A provincial soldier on the imperial throne
Marcus Ulpius Traianus was born at Italica in southern Spain in 53 CE, the son of a senator who had risen through legionary command to the consulship and the governorship of Syria. The son followed the same path with more success and at more scale. He served as a military tribune in the East under his father; he commanded a legion in the Rhineland under Domitian; he was consul in 91; he was governor of Germania Superior at the moment Nerva, in 97, adopted him as son and heir. Within a year Nerva was dead and Trajan was emperor. He returned to Rome from the German frontier the following year. He ruled for nineteen years and died on campaign in 117. The Senate, two months later, granted him the title Optimus Princeps — the best princeps — which appears on the inscriptions and the coinage of his successors for the remainder of the high empire.
What kind of ruler he was
Trajan's reign is read, by the surviving sources, as the test case for what a principate under a disciplined ruler can do. The administrative reforms (the alimenta programme of state support for the children of impoverished citizens; the careful management of provincial finances visible in the Pliny–Trajan correspondence); the military reach (the two Dacian wars, the Parthian campaign, the brief carrying of Roman authority to Mesopotamia); the building programme (Trajan's Forum, the Markets of Trajan, the Column, the harbours at Portus, the road network through Italy and Asia Minor); the long peace inside the empire that the conquests on the frontiers made possible — all of these are read as the case for what the imperial order, freed of the convulsions of the Julio-Claudians and the Flavian civil wars, could do in working hands.
Pliny the Younger's Panegyricus of 100 CE — a speech to the Senate on Trajan's behalf — is the principal contemporary articulation of the case. The argument is direct: the optimus princeps is one who reigns as if he could be called to account, who governs as if the laws constrained him, who refuses the cult of personality and the open arbitrariness of the Julio-Claudian style. Pliny was a friend and a beneficiary; the panegyric is partisan; it is also the most influential statement of what the high empire's senatorial class thought the imperial office could be at its best.
What kind of imperial order he produced
The empire Trajan administered was the largest in territory the Roman state would ever hold. The conquests of Dacia, accomplished across two wars (101–102, 105–106), brought a substantial gold-bearing province into the imperial economy and provided the slaves and resources that funded the building programme. The Parthian campaign of 113–117 carried Roman authority briefly across the Tigris into Mesopotamia. The frontier under Trajan ran from the Solway Firth to the Persian Gulf. Hadrian, on succeeding, would withdraw from Mesopotamia and consolidate; the high-water mark stood.
The infrastructure that this expansion built outlasted the territory. Trajan's Column, completed in 113, is the single most influential narrative monument of antiquity — a spiral relief running 200 metres end-to-end, recording the Dacian wars in 155 documentary scenes, and the principal surviving model for the European tradition of public monumental narrative through Bernini's column for St Peter's, Napoleon's Vendôme column, and beyond. Trajan's Forum was the largest forum in Rome and the architectural model for the imperial forum form. The Trajan road system through the Italian peninsula and across Asia Minor was the working infrastructure of the empire for the rest of antiquity.

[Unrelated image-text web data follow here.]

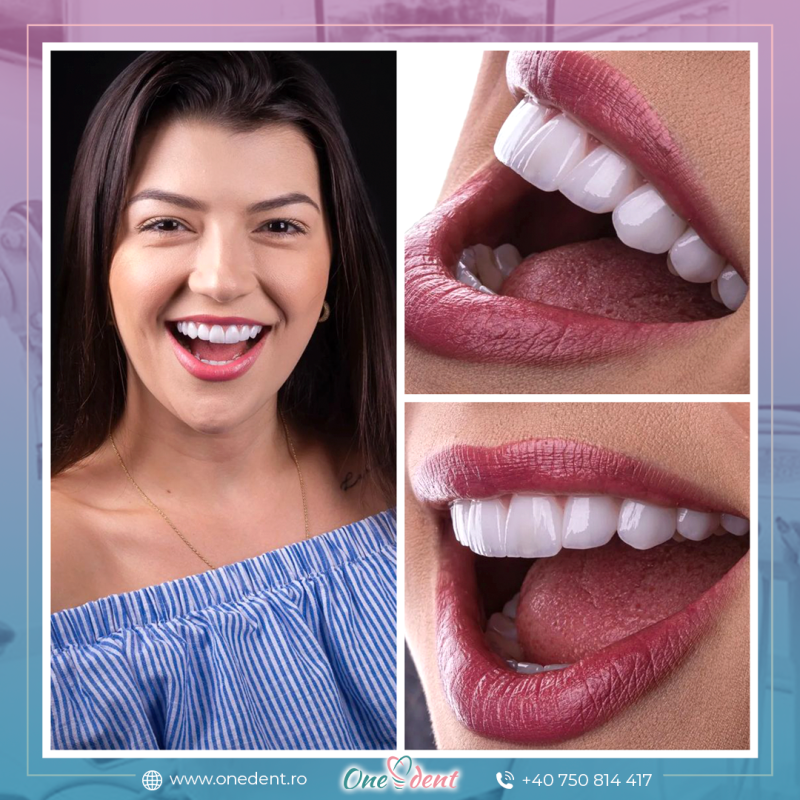 gingivectomie laser Iasi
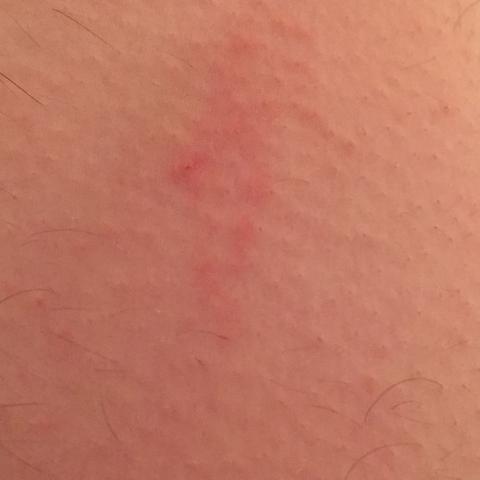 Kann Das Gurtelrose Sein Haut Herpes Hautausschlag Kann Das Gurtelrose Sein Haut Herpes Hautausschlag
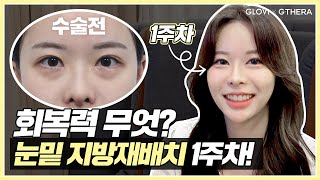 글로비지테라안티에이징의원 \u0026 스타힐링 사용 후기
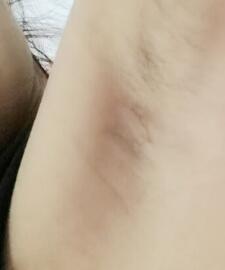 假體隆胸快術(shù)后兩個月了，腋下傷口已經(jīng)完全愈合
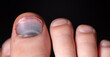 Close-up bruised nail of the big toe. Violet toenail. Injured foot.
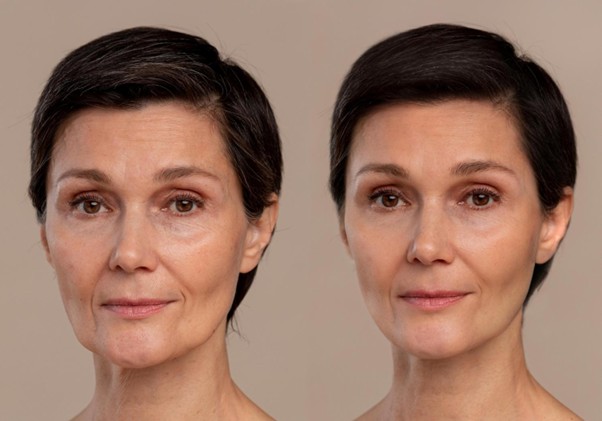 Before and after results of a beauty treatment example
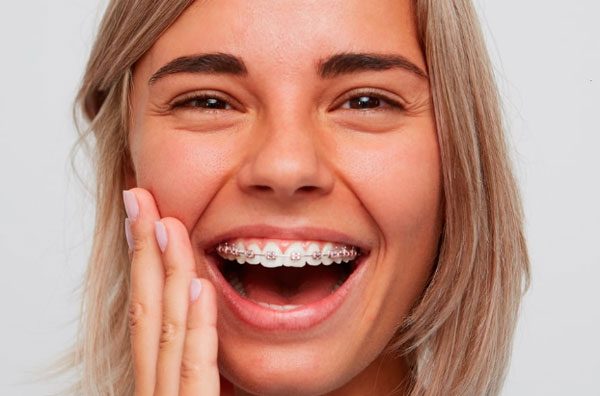 Как снимают брекеты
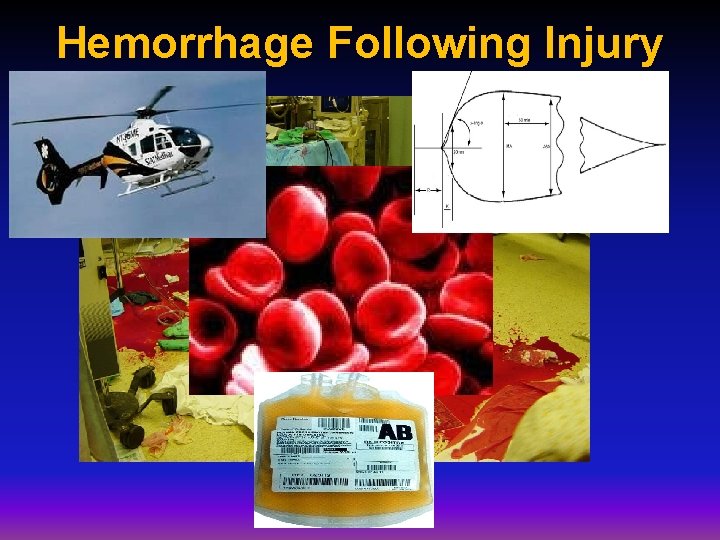 Hemorrhage Following Injury Hemorrhage Following Injury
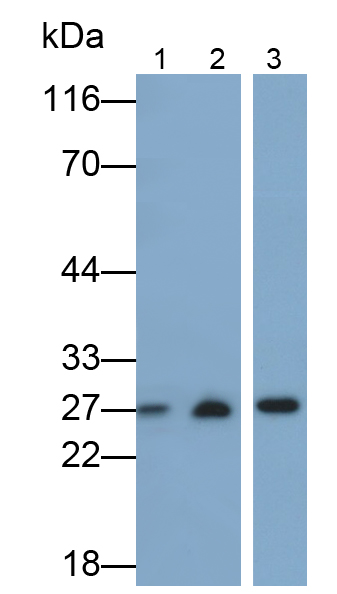 Polyclonal Antibody to Tumor Necrosis Factor Beta (TNFb)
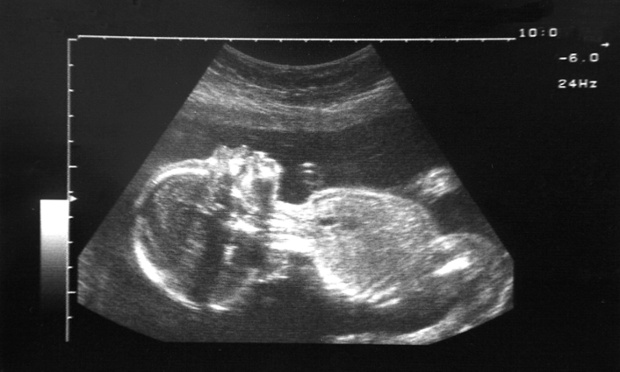 研究称女性胎儿比男性更易胎死腹中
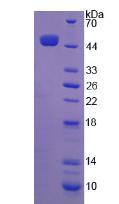 Recombinant Interferon Beta (IFNb)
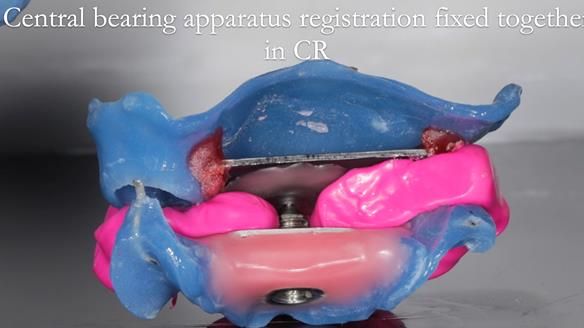 Finlay's Newsletter 58 Gasket upper partial denture for Zoe
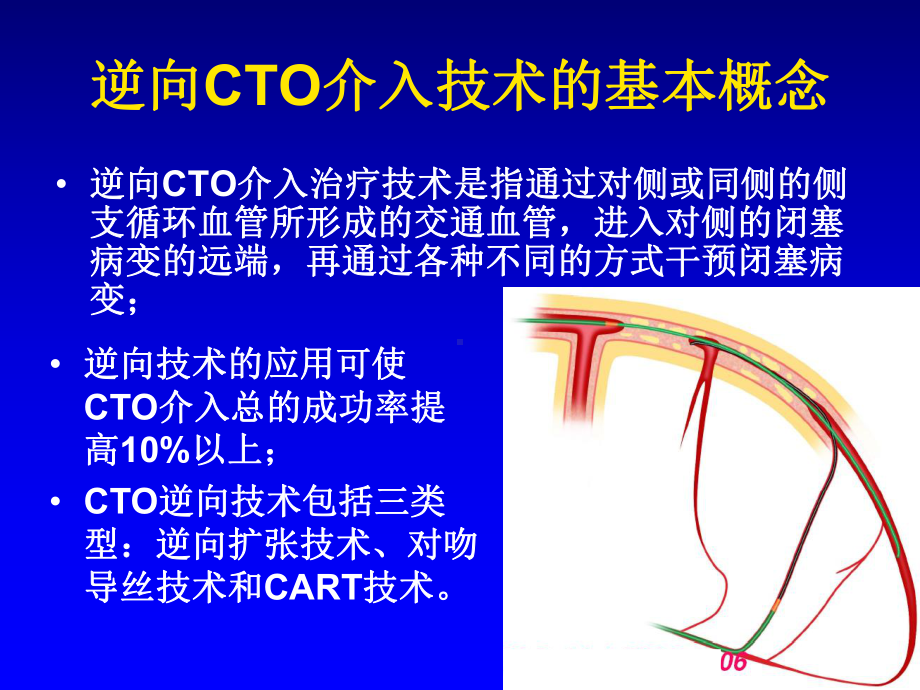 正向和逆向cto病变介入技术的选择陈纪言课件.pptx_第3页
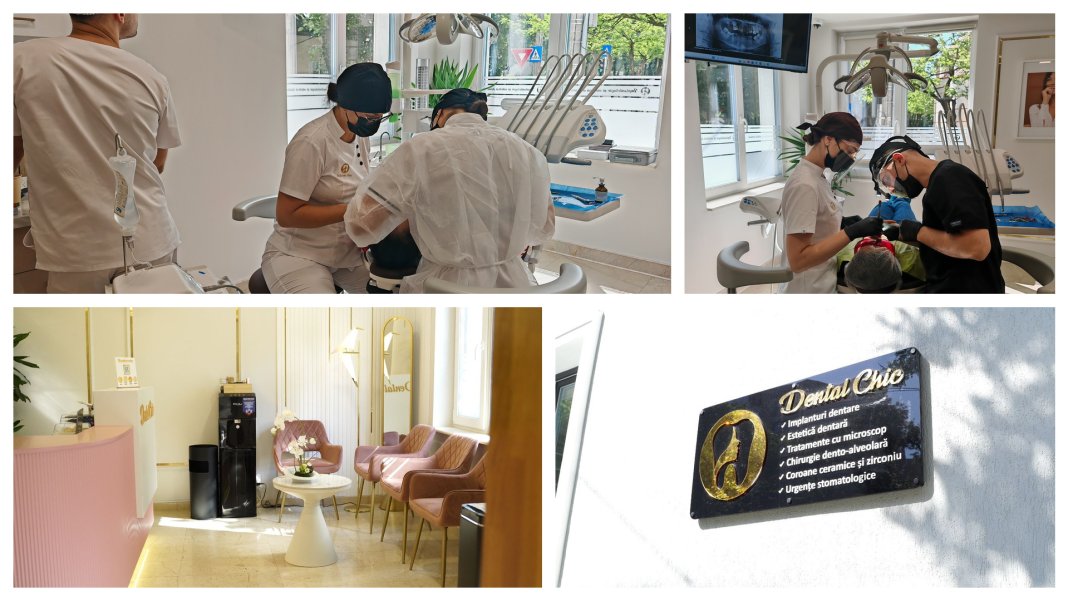 cand-ai-nevoie-de-o-coroana-dentara-i-cat-dureaza-realizarea-ei-ce-presupune-tratamentul-in-cluj-napoca cand-ai-nevoie-de-o-coroana-dentara-i-cat-dureaza-realizarea-ei-ce-presupune-tratamentul-in-cluj-napoca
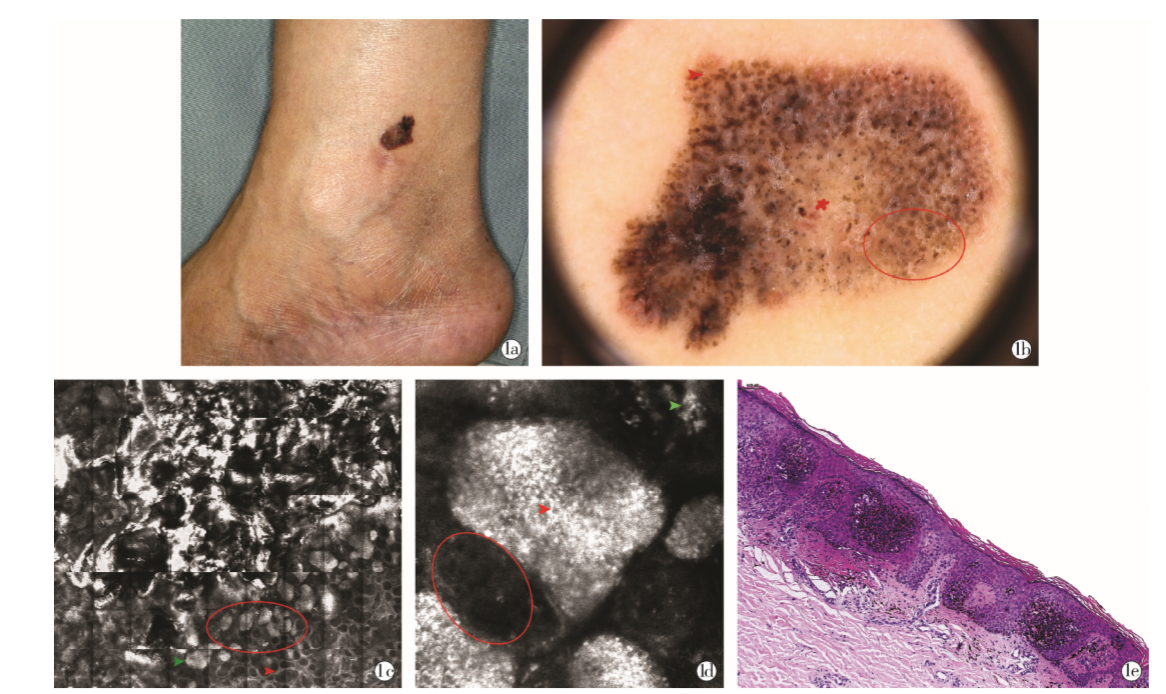 克隆型脂溢性角化病4 例皮肤镜及反射式共聚焦显微镜影像学特征及文献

What later civilizations took from him
The European reception of Trajan is unusual for an emperor. Dante, in Purgatorio X, places him among the just rulers and borrows from a medieval legend that has Gregory the Great praying his soul out of hell — the only pagan emperor the medieval imagination permitted into the Christian heaven. The Renaissance read Trajan as the standing pagan example of a good prince. The Spanish Bourbon dynasty, beginning in the eighteenth century, claimed descent and modelled itself on him. The American founders read Pliny's Panegyricus as part of the standard imperial curriculum on what a republic should not tolerate even from a good ruler — because the lesson the senatorial class drew from Trajan was that even the best principate is a principate, and depends for its working on the character of the one man.
Why the platform reads him
The platform reads Trajan because his reign is the working answer to a question the European political tradition cannot pretend not to care about: can an imperial order, under disciplined personal rule, produce a tolerable political condition for the citizens inside it? The Tacitean answer is that the institutional form has been hollowed out and the substance of political life is gone. The Trajanic answer is that, when the man at the top has the self-restraint of an Augustus and the administrative seriousness of a working soldier, the order can be lived under. Both answers are correct in their own register. The careful reading is that the Trajanic case does not refute the Tacitean one. It shows what is possible under the right specific conditions; the conditions are contingent, and the absence of any of them is what every other century of the high empire then demonstrated.